• _Exercise prompt_
Exclude all pictures, then restate the entries below word for word.

• _Data for analysis_
=== Section Start ===

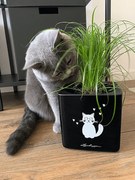 Kvetináč Lechuza Cube Glossy CAT 14 All inclusive set mačka čierny kvetináč 14x14x14 cm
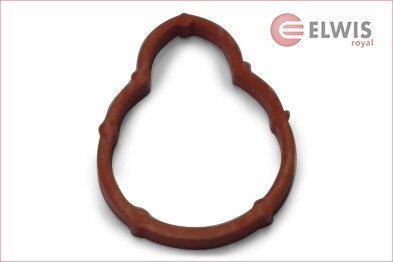 Прокладка впускного колектора Elwis Royal 0246830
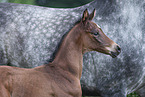 warmbloods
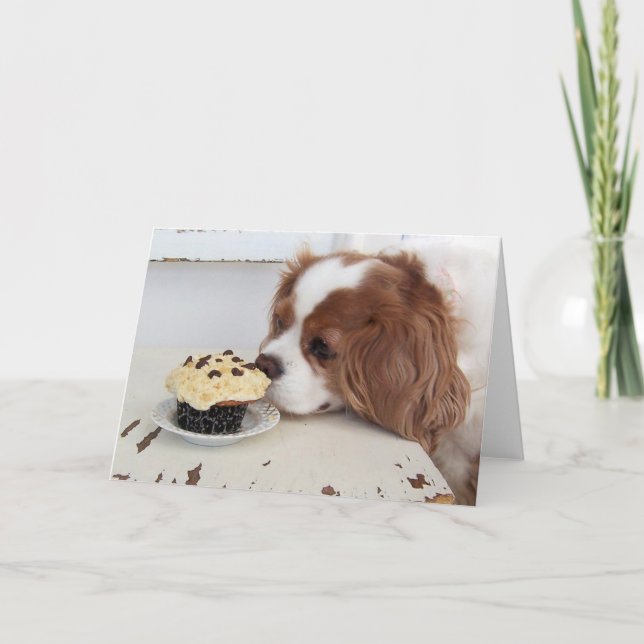 Cavalier King Charles Spaniel Fridays Cupcake Card (Front)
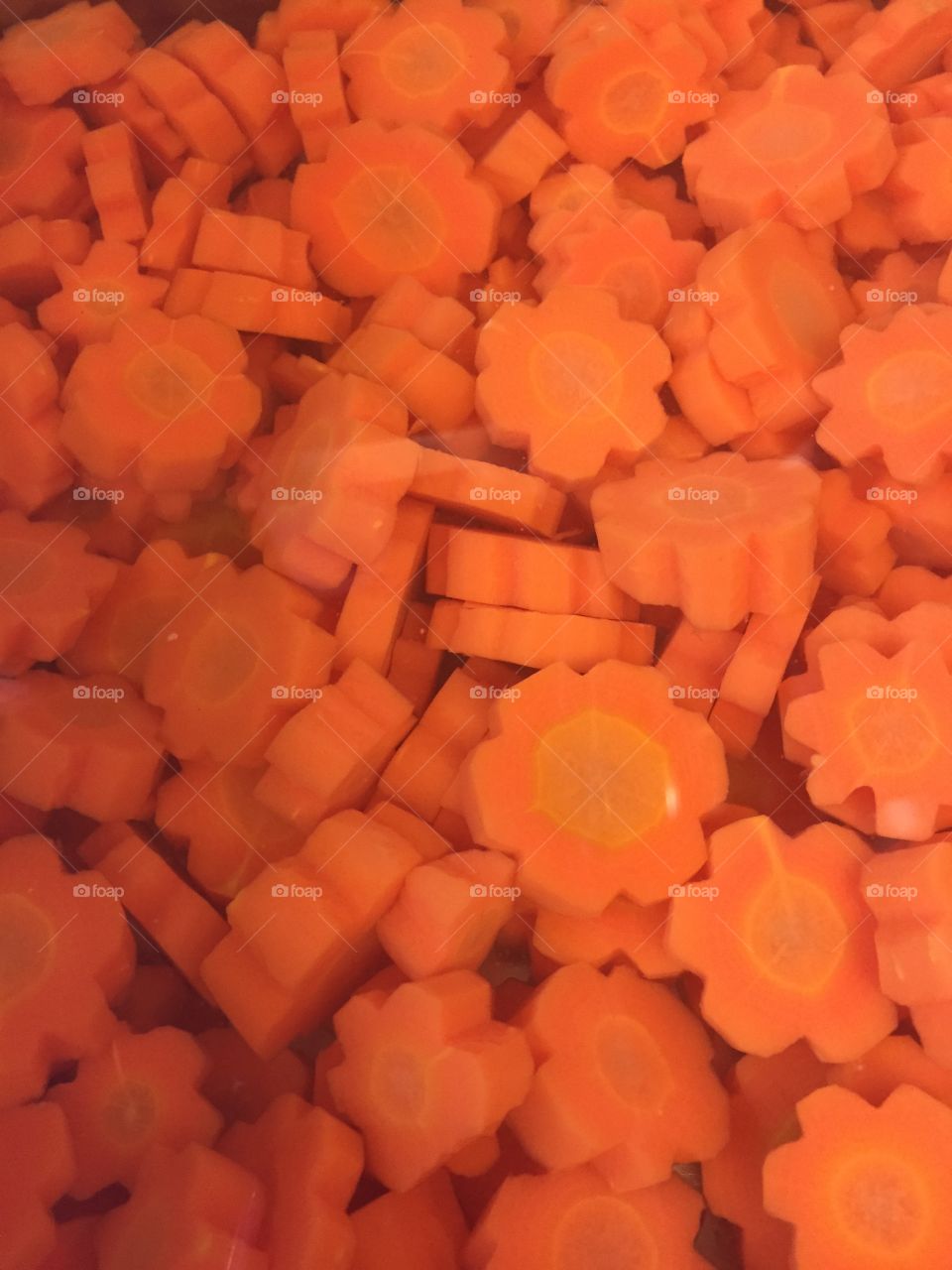 Carrots in bloom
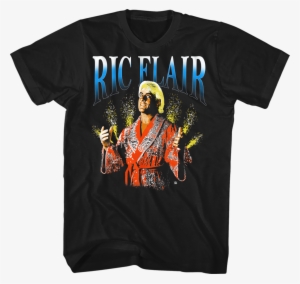 Ric Flair Shirts Officially Licensed Free Shipping - 7 Years Of College Down The Drain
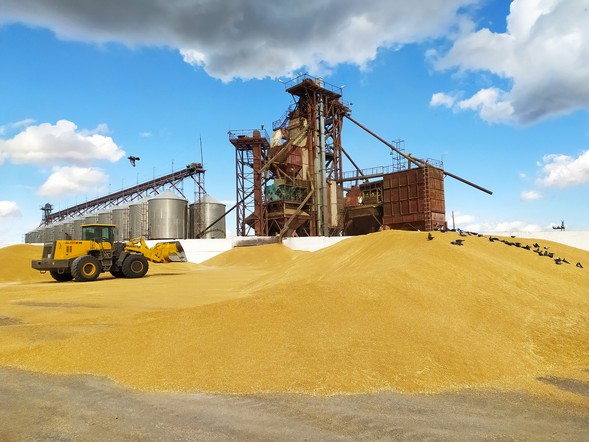 Минсельхоз РФ: Красноярский край входит в число сельскохозяйственных регионов-лидеров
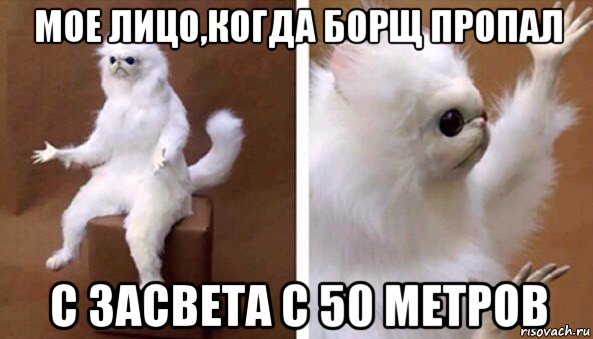 мое лицо,когда борщ пропал с засвета с 50 метров, Мем Чучело кота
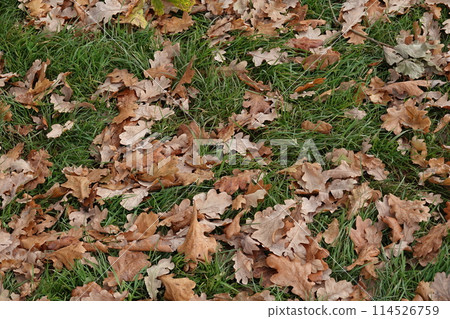 Winter autumn and Flower, Plant, and Berry Blooms and autumn leaves on snowy ground 114526759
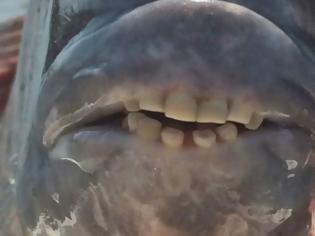 Φωτογραφία για Ψάρι με ανθρώπινα δόντια σπέρνει τον τρόμο στους ψαράδες της Αμερικής [photos]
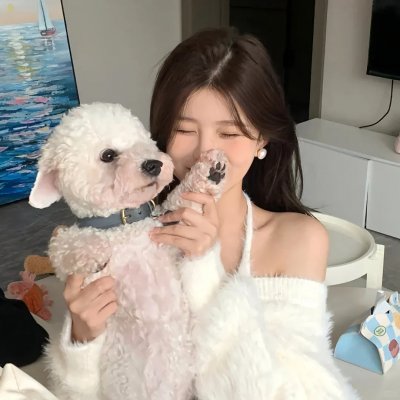 大小姐才不会玩格斗游戏 海报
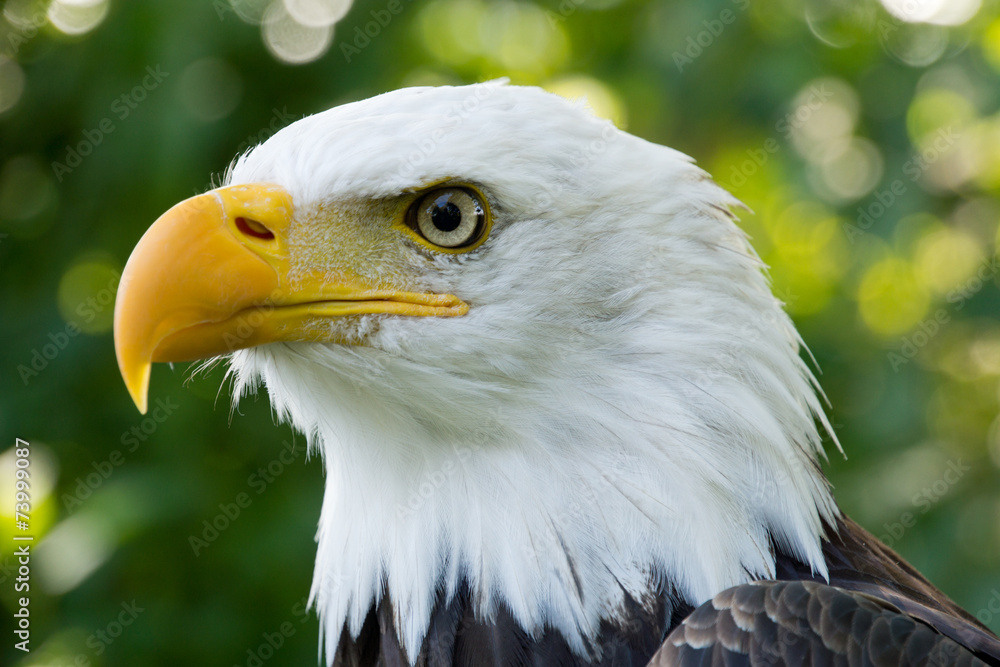 Fototapeta premium Closeup portrait of American Bald Eagle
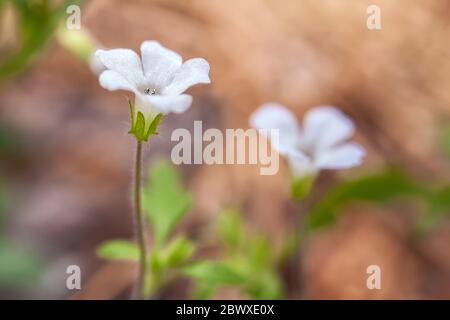 Gros plan sur les fleurs de némophila Nemophila heterophylla, parc national de Yosemite, Californie, États-Unis. Banque D'Images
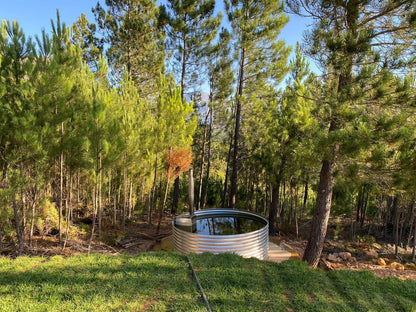 Noah Farm Campsite Wolseley Western Cape South Africa Forest, Nature, Plant, Tree, Wood, Car, Vehicle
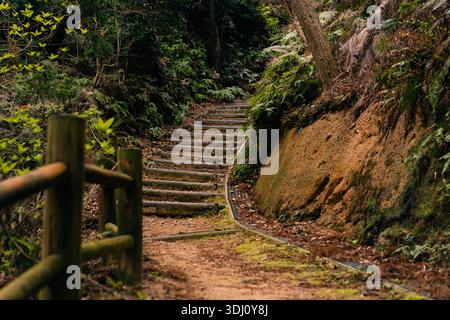 shikoku, japan - 3. august 2025 eine hölzerne Treppe führt den Hügel in einem bewaldeten Gebiet hinauf. Hochwertige Fotos Stockfoto
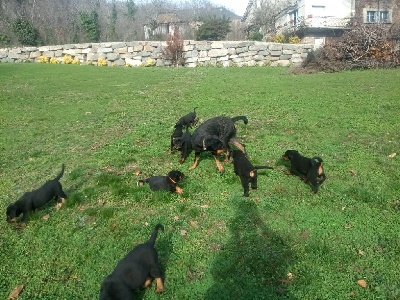 Pastre De Fadiols - Berger de Beauce - Portée née le 11/11/2022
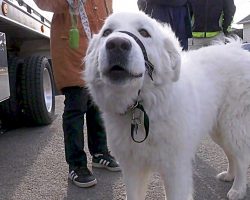 Dog Stops Traffic & Gets Help For Owner Who Has Seizure During Their Walk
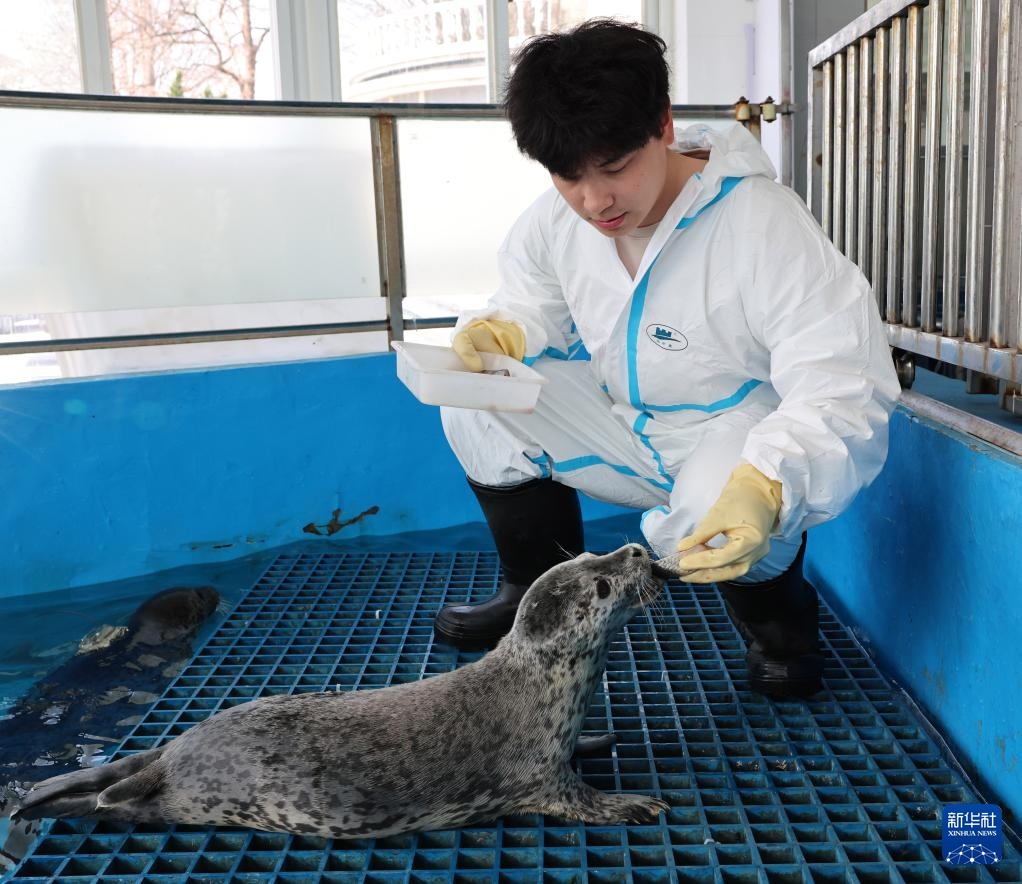 保护救助、人工繁育 我国放归5头西太平洋斑海豹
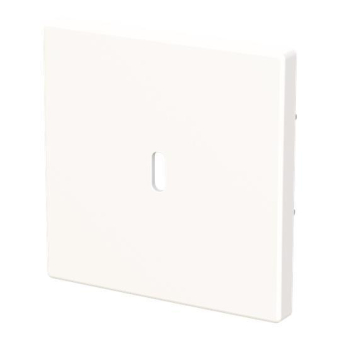 BJ Zentralscheibe USB C Power    6479-84 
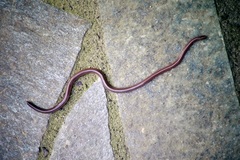 Xerotyphlops vermicularis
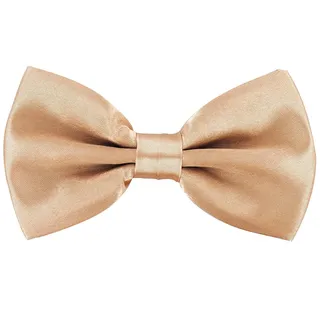 axy Herren Fliege Schleife, bereits gebunden, Konfirmation verstellbar in verschiedenen Farben FLI1 (Beige)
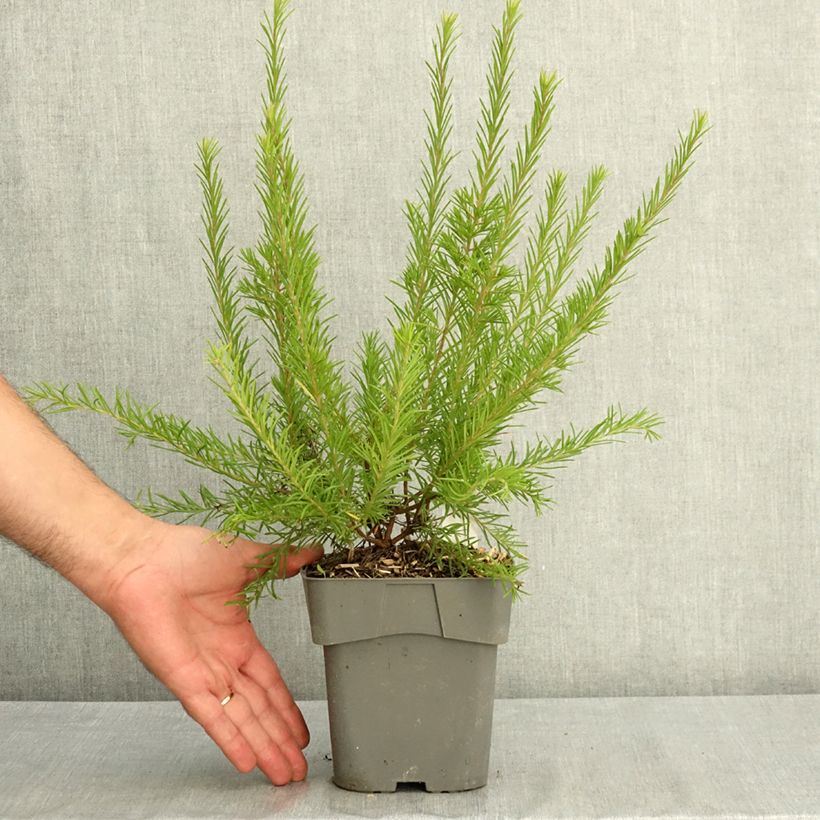 Exemplaar van Grevillea rosmarinifolia Rosa Jenkinsii - Rozemarijn-grevillea Pot van 2 l/3 l zoals geleverd in de zomer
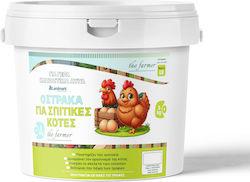 Farmer Όστρακα Κότες 5kg Landmark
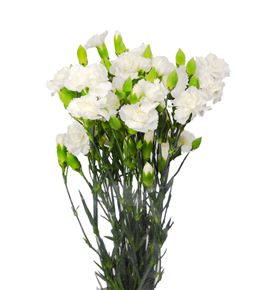 Clavel mini blanco - CLAMBLA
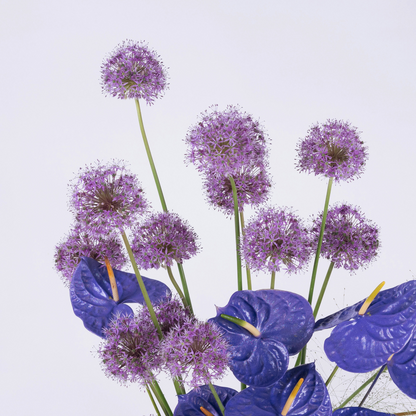 Mauve | Purple Anthuriums & Allium Flower Arrangement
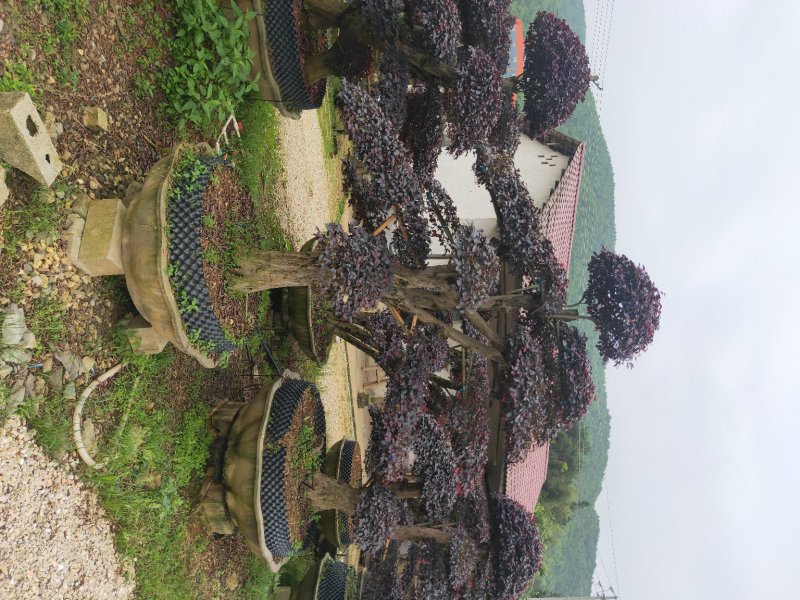 造型红继木桩基地直销规格齐全天诚苗圃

=== Section End ===

• _Exercise result_
 Kvetináč Lechuza Cube Glossy CAT 14 All inclusive set mačka čierny kvetináč 14x14x14 cm
 Прокладка впускного колектора Elwis Royal 0246830
 warmbloods
 Cavalier King Charles Spaniel Fridays Cupcake Card (Front)
 Carrots in bloom
 Ric Flair Shirts Officially Licensed Free Shipping - 7 Years Of College Down The Drain
 Минсельхоз РФ: Красноярский край входит в число сельскохозяйственных регионов-лидеров
 мое лицо,когда борщ пропал с засвета с 50 метров, Мем Чучело кота
 Winter autumn and Flower, Plant, and Berry Blooms and autumn leaves on snowy ground 114526759
 Φωτογραφία για Ψάρι με ανθρώπινα δόντια σπέρνει τον τρόμο στους ψαράδες της Αμερικής [photos]
 大小姐才不会玩格斗游戏 海报
 Fototapeta premium Closeup portrait of American Bald Eagle
 Gros plan sur les fleurs de némophila Nemophila heterophylla, parc national de Yosemite, Californie, États-Unis. Banque D'Images
 Noah Farm Campsite Wolseley Western Cape South Africa Forest, Nature, Plant, Tree, Wood, Car, Vehicle
 shikoku, japan - 3. august 2025 eine hölzerne Treppe führt den Hügel in einem bewaldeten Gebiet hinauf. Hochwertige Fotos Stockfoto
 Pastre De Fadiols - Berger de Beauce - Portée née le 11/11/2022
 Dog Stops Traffic & Gets Help For Owner Who Has Seizure During Their Walk
 保护救助、人工繁育 我国放归5头西太平洋斑海豹
 BJ Zentralscheibe USB C Power    6479-84 
 Xerotyphlops vermicularis
 axy Herren Fliege Schleife, bereits gebunden, Konfirmation verstellbar in verschiedenen Farben FLI1 (Beige)
 Exemplaar van Grevillea rosmarinifolia Rosa Jenkinsii - Rozemarijn-grevillea Pot van 2 l/3 l zoals geleverd in de zomer
 Farmer Όστρακα Κότες 5kg Landmark
 Clavel mini blanco - CLAMBLA
 Mauve | Purple Anthuriums & Allium Flower Arrangement
 造型红继木桩基地直销规格齐全天诚苗圃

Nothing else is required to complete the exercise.